Now turning to the balance sheet, we had a solid quarter of loan growth as Mariner mentioned, and Mike will provide more color on our loan portfolio in the bank segment discussion. Slide 16 shows the composition of our investment portfolio.

The average balance of securities available for sale in the first quarter was 6.5 billion essentially flat from last quarter and a 5.5% decrease from the same period in 2016.

The average yield in our AFS portfolio increased nine basis points to 2.13% compared to 2.04% in the fourth quarter driven by new purchases at accretive yield and lower premium amortization. Details related to the past quarters activity and portfolio statistics are shown on Slide 17.

Turning to liabilities, at 15.6 billion average deposits for the quarter were essentially flat compared to the prior quarter.

At 12% linked-quarter increase in healthcare deposits and increases due to seasonal inflow of public funds deposits was offset by declines in institutional deposit custody to the bank as more funds were deployed into the market.

The cost of interest-bearing deposits for the first quarter was 25 basis points, an increase of four basis points from the prior quarter reflecting mix changes between deposit categories.

Including the impact of DDAs, the cost of our deposit base rose just two basis point, while our all-in cost of funds increased six basis points from the linked-quarter.

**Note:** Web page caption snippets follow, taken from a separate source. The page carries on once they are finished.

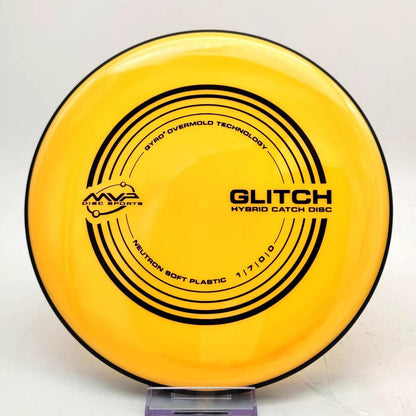 MVP Neutron Soft Glitch - Disc Golf Deals USA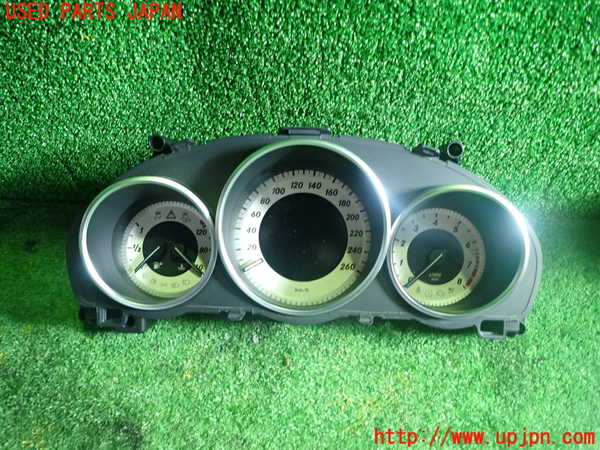 1UPJ-42206170]ベンツ E350 ステーションワゴン(212259C)(S212)スピードメーター 中古_m0001.jpg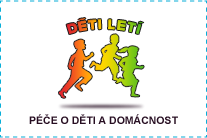 Děti letí!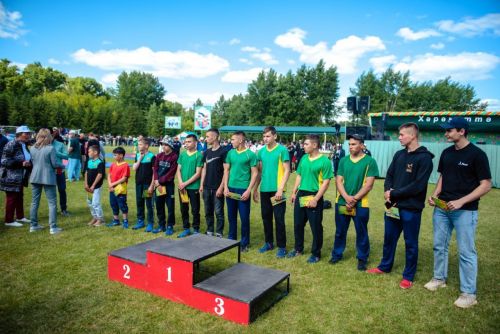 Лотерея уенында Ильяска телевизор чыкты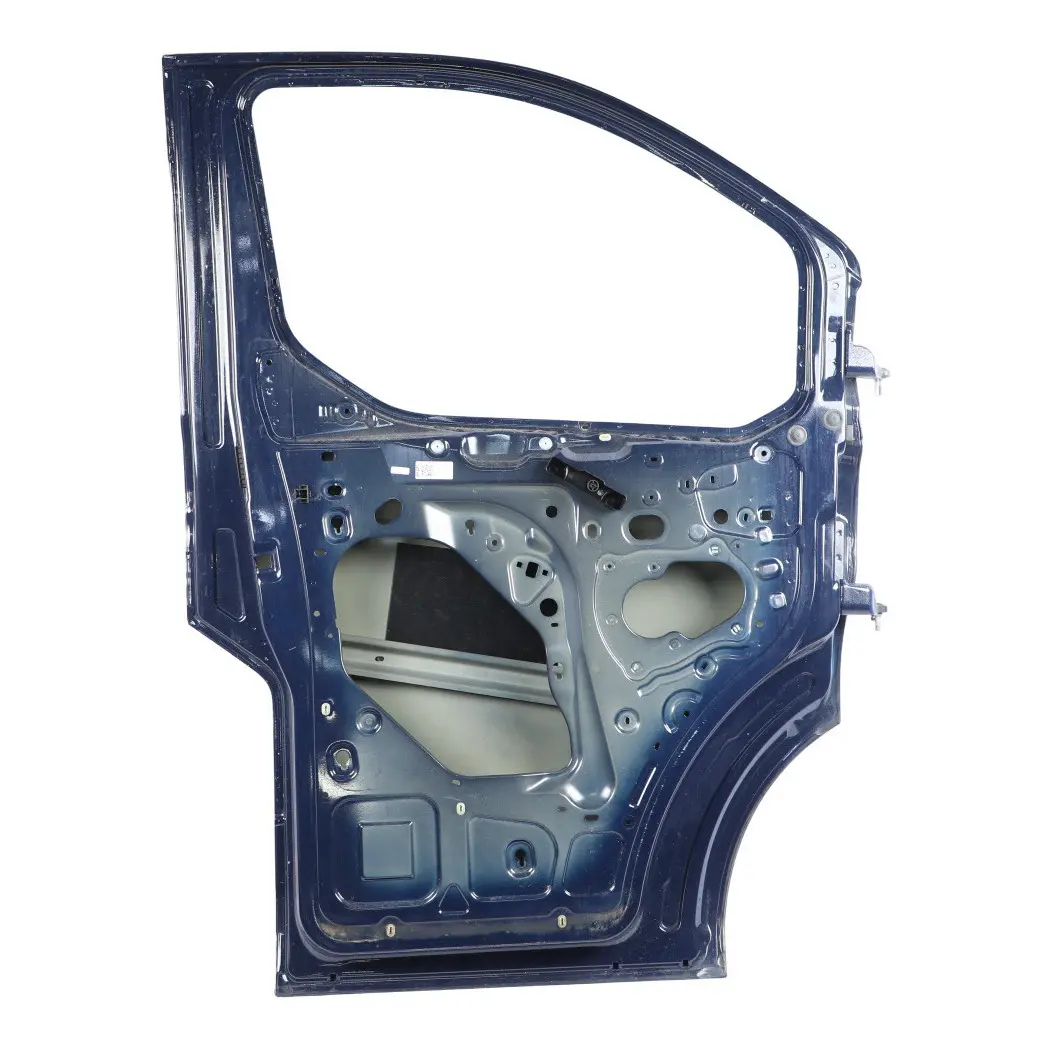 Door Front Left N/S Door Cover Shell Blazer Blue - 687 to Ford Transit Custom with Part number 2488103 Ford Transit Custom Door Front Left N/S Door Cover Shell Blazer Blue - 687 - SKU RHD-2488103-BLB - Part number 2488103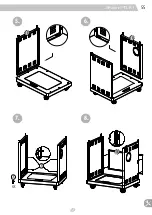 Preview for 55 page of Landmann Rexon PTS 4.1 Assembly Instruction Manual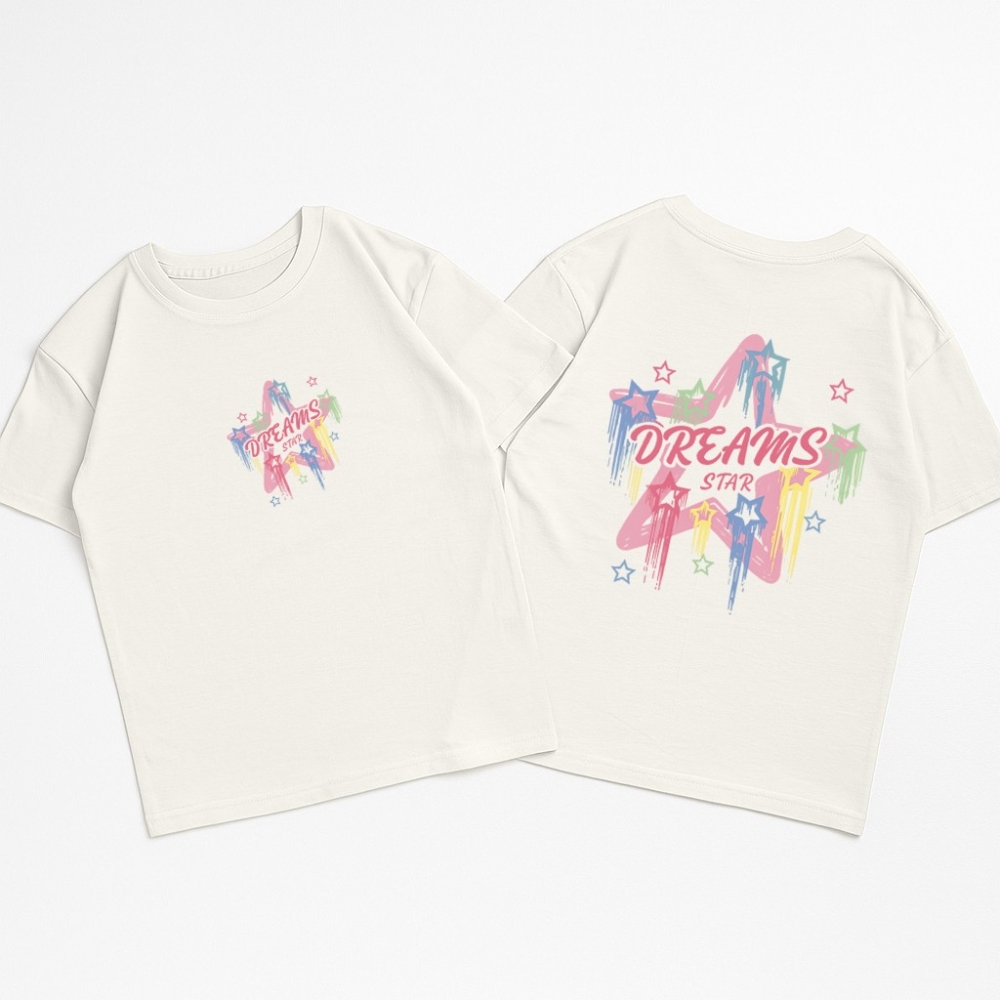 Nena - Remera Ovsize Dreams - Imagen 2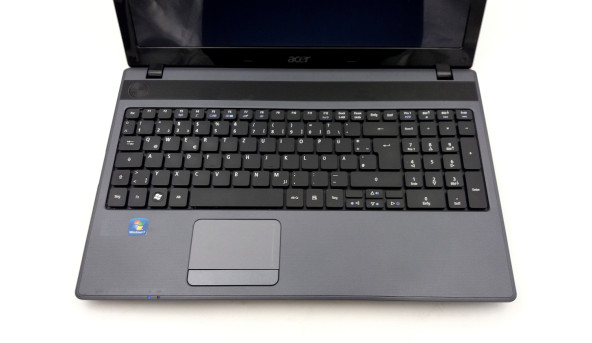 Ноутбук Acer Aspire 5250 AMD C-50 4 GB RAM 750 GB HDD [15.6''] - ноутбук Б/В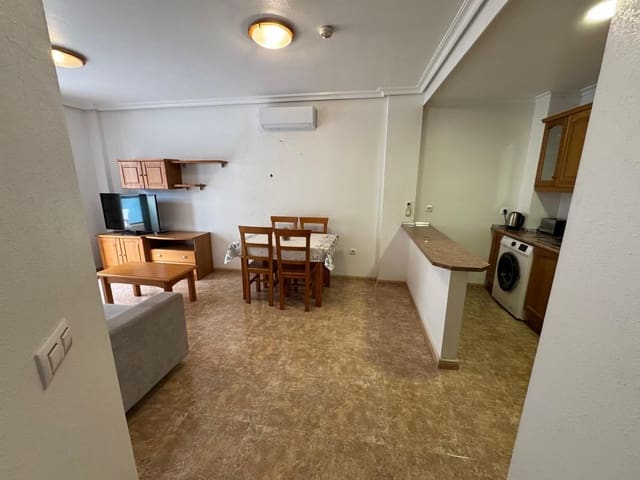 2 slaapkamer Appartement te koop in Campoamor, Orihuela met garage - € 185.000 (Ref: 9808196)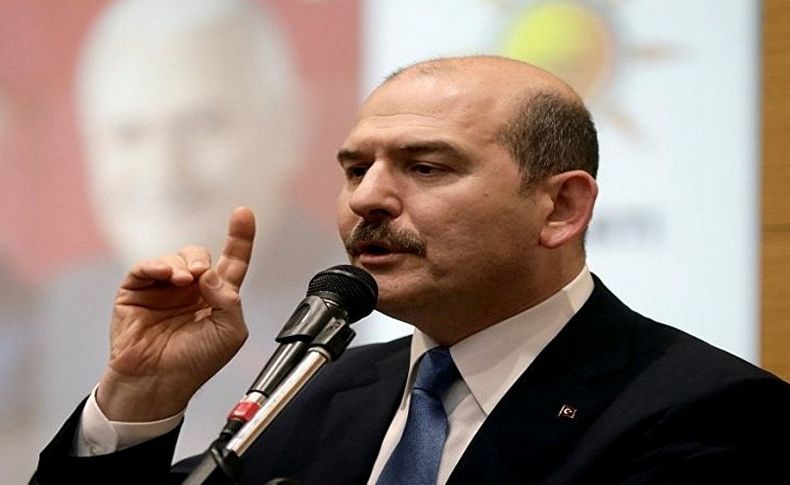 Süleyman Soylu İzmir'e geliyor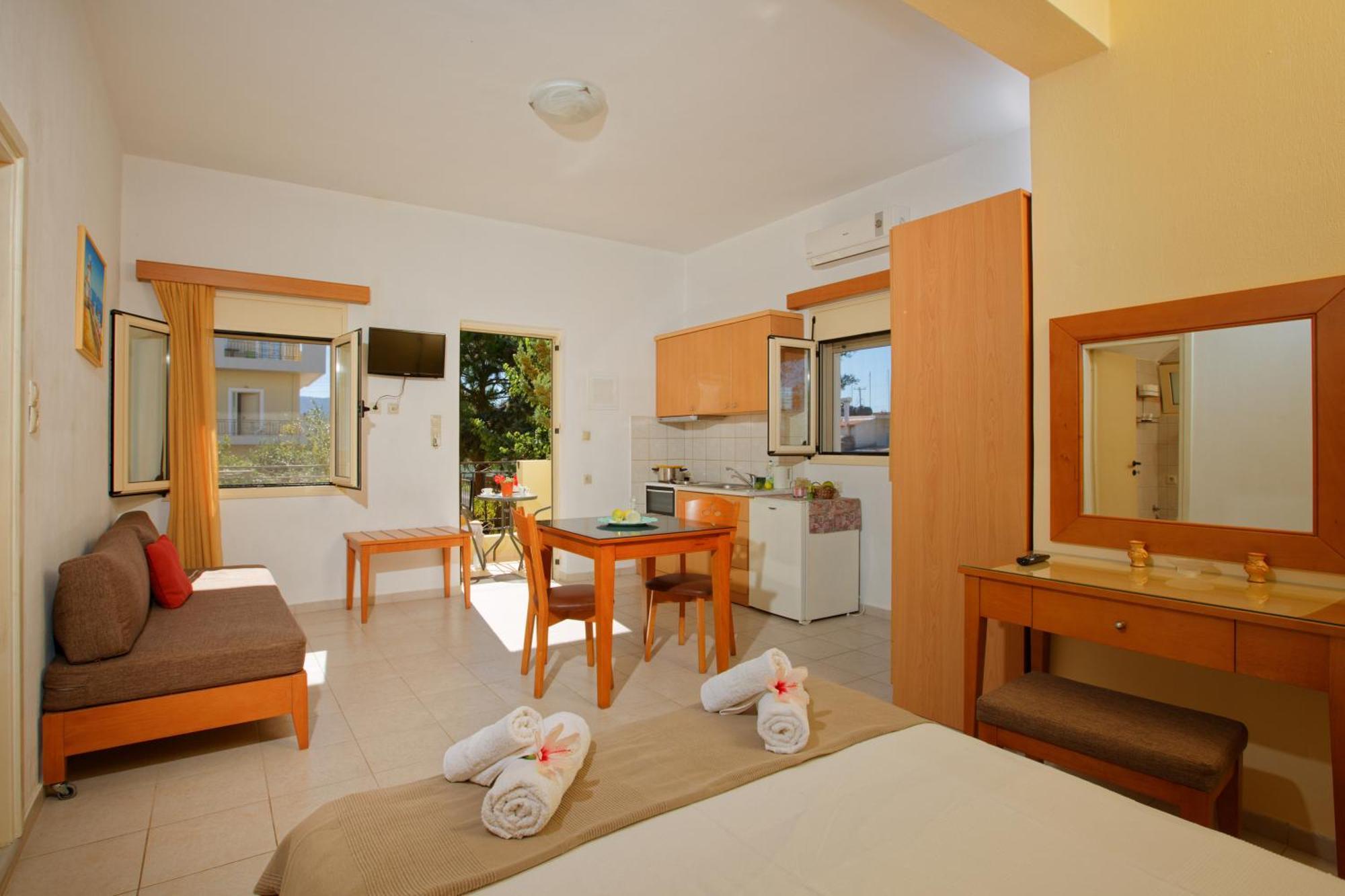 Fotis Studios Apartments 古瓦伊 外观 照片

While we saw some nominal sensitivity with total deposits, the seasonal increases in public fund which are indexed and borrowings drove overall funding sensitivity higher.

Approximately 75% of our funding base is comprised of non-interest-bearing DDAs or other deposit products that have administered rates that are low-cost, or have low sensitivity to market rates. The remainder is either hard or soft index to short-term interest rates and thus have to reprice with higher interest rates.

Moving to segment, you'll see the financials beginning on Slide 21, followed by details on each. Details for Scout begin on Slide 23. I’ll quickly cover net flows and market action for the quarter before moving to the financial impact from the announced divestiture.

Assets under management stood at $27.9 billion at March 31, an increase of 2.2% during the quarter. Scout experienced total net outflows of just $1.8 million and positive market impact of $592 million gaining ground in both equity and fixed income strategies.

As shown on Slide 24, net inflows of $89 million into separately managed accounts nearly offset $91 million of outflows from the Scout funds. Strong performance in several strategies continues and the Scout MidCap fund received a 2017 Lipper Fund Award as the best MidCap Core Fund for the 10 year period ending November 30, 2016.

Scout Associates will continue to focus on performance, as well as leveraging institutional, intermediary and sub advisory distributional channels. Now I'd like to share some detail about what our agreement to divest the Scout business means for our financials going forward.

As Mariner mentioned, the cash purchase price is 172.5 million and is subject to customary closing conditions and purchase price adjustments. As I noted last week, the actual gain on sale may vary due to the purchase price adjustments.

However based on assumptions as announcement, we estimate the benefit to regulatory capital ratios to be approximately 80 million to 100 million including the deconsolidation of approximately 55 million in intangible assets.

On Slide 26, we provided a view of how our reported GAAP financials would have appeared if presented in a discontinued operations format to help you understand the impact of the sale on UMB's ongoing business.

As shown here, net income attributed to the Scout business that would have moved to discontinued operations would have been 5.5 million for the full year 2016 and 2.3 million for the first quarter of 2017.

It's important to note that in 2016 there were some one-time items that reduced net income namely the 2.7 million in pre-tax costs related to the termination of the marketing contracts and 2 million in pre-tax severance expense.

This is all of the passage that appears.